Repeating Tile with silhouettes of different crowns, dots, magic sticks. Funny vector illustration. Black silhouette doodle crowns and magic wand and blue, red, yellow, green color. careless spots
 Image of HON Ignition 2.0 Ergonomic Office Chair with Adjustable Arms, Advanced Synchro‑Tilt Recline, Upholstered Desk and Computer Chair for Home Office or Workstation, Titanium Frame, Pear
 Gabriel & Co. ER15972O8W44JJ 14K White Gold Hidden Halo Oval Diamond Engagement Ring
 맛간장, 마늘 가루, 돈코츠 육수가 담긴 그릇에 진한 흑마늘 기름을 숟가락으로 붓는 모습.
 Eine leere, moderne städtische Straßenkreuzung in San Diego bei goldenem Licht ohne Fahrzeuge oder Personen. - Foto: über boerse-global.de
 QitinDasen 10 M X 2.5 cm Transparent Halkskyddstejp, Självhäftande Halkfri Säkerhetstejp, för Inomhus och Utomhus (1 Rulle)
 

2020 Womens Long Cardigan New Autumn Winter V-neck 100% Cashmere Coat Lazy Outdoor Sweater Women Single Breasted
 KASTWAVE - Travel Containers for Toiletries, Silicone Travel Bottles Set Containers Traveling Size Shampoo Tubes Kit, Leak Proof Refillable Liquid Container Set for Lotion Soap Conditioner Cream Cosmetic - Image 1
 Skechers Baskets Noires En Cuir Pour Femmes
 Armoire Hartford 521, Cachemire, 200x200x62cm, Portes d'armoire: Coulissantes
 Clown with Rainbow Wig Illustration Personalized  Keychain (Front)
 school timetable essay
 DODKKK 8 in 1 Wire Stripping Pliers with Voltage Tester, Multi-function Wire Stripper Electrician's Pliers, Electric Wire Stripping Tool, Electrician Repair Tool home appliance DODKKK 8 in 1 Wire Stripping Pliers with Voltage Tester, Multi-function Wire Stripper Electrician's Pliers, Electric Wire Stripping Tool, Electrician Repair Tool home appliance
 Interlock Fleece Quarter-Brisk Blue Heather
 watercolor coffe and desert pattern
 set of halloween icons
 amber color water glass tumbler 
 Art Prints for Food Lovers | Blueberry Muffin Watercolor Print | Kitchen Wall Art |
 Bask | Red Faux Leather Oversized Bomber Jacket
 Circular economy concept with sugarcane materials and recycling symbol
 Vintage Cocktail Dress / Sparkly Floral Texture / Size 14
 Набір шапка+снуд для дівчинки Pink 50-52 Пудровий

◇ ◇ ◇ ◇ ◇

▸ **PROBLEM DESCRIPTION**
The records above must be retyped in full. Keep each one exactly as it is.

▸ **COMPLETED TASK**
Repeating Tile with silhouettes of different crowns, dots, magic sticks. Funny vector illustration. Black silhouette doodle crowns and magic wand and blue, red, yellow, green color. careless spots
 Image of HON Ignition 2.0 Ergonomic Office Chair with Adjustable Arms, Advanced Synchro‑Tilt Recline, Upholstered Desk and Computer Chair for Home Office or Workstation, Titanium Frame, Pear
 Gabriel & Co. ER15972O8W44JJ 14K White Gold Hidden Halo Oval Diamond Engagement Ring
 맛간장, 마늘 가루, 돈코츠 육수가 담긴 그릇에 진한 흑마늘 기름을 숟가락으로 붓는 모습.
 Eine leere, moderne städtische Straßenkreuzung in San Diego bei goldenem Licht ohne Fahrzeuge oder Personen. - Foto: über boerse-global.de
 QitinDasen 10 M X 2.5 cm Transparent Halkskyddstejp, Självhäftande Halkfri Säkerhetstejp, för Inomhus och Utomhus (1 Rulle)
 

2020 Womens Long Cardigan New Autumn Winter V-neck 100% Cashmere Coat Lazy Outdoor Sweater Women Single Breasted
 KASTWAVE - Travel Containers for Toiletries, Silicone Travel Bottles Set Containers Traveling Size Shampoo Tubes Kit, Leak Proof Refillable Liquid Container Set for Lotion Soap Conditioner Cream Cosmetic - Image 1
 Skechers Baskets Noires En Cuir Pour Femmes
 Armoire Hartford 521, Cachemire, 200x200x62cm, Portes d'armoire: Coulissantes
 Clown with Rainbow Wig Illustration Personalized  Keychain (Front)
 school timetable essay
 DODKKK 8 in 1 Wire Stripping Pliers with Voltage Tester, Multi-function Wire Stripper Electrician's Pliers, Electric Wire Stripping Tool, Electrician Repair Tool home appliance DODKKK 8 in 1 Wire Stripping Pliers with Voltage Tester, Multi-function Wire Stripper Electrician's Pliers, Electric Wire Stripping Tool, Electrician Repair Tool home appliance
 Interlock Fleece Quarter-Brisk Blue Heather
 watercolor coffe and desert pattern
 set of halloween icons
 amber color water glass tumbler 
 Art Prints for Food Lovers | Blueberry Muffin Watercolor Print | Kitchen Wall Art |
 Bask | Red Faux Leather Oversized Bomber Jacket
 Circular economy concept with sugarcane materials and recycling symbol
 Vintage Cocktail Dress / Sparkly Floral Texture / Size 14
 Набір шапка+снуд для дівчинки Pink 50-52 Пудровий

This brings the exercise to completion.